- **Work required**: Of the entries below, return exactly those lines that fall between the one containing "Organic James V-Neck Men in Farbe Pepper Red" and the one containing "Art,Size B Landscape", the two end lines included.

··· Given information

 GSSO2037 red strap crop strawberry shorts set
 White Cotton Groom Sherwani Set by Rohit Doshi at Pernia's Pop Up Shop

······
··· Given information

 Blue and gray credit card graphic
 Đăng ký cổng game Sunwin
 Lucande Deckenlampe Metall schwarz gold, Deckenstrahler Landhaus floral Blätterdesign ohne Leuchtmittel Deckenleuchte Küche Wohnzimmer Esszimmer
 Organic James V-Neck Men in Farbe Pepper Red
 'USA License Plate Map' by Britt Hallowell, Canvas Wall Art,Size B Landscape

······
··· Given information

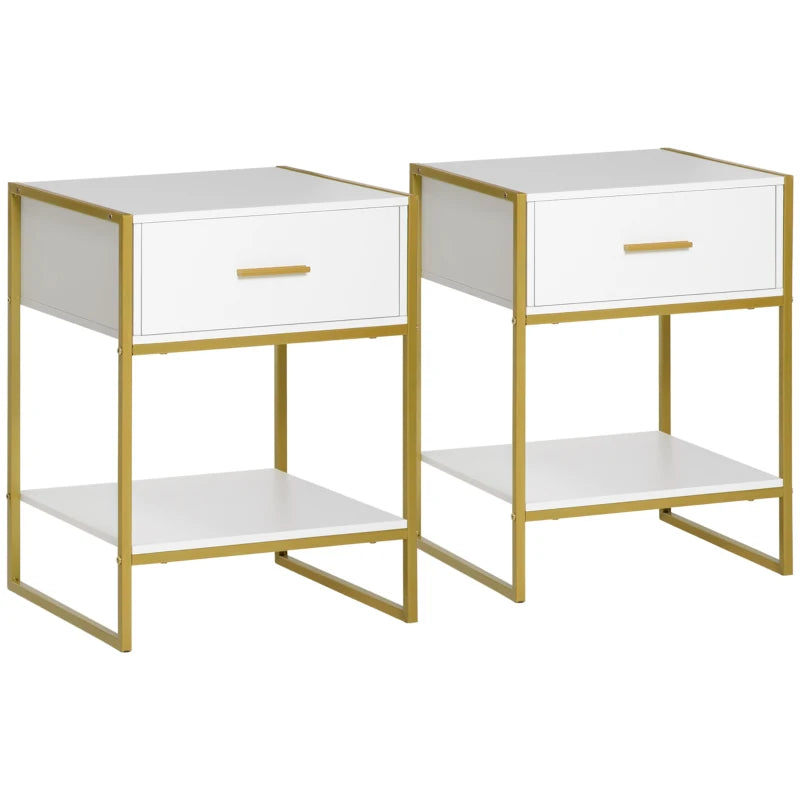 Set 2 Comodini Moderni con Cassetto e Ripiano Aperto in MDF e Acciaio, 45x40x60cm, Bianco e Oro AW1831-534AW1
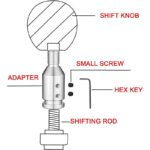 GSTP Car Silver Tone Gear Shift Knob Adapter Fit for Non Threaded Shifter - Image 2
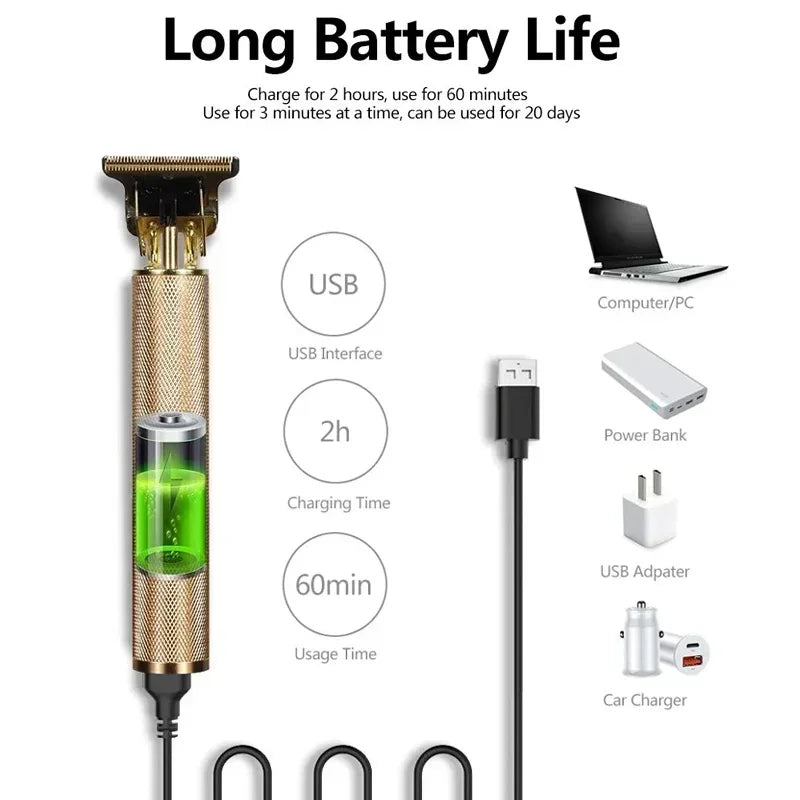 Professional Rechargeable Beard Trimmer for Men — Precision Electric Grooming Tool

······

- **Task solution**:
 Organic James V-Neck Men in Farbe Pepper Red
 'USA License Plate Map' by Britt Hallowell, Canvas Wall Art,Size B Landscape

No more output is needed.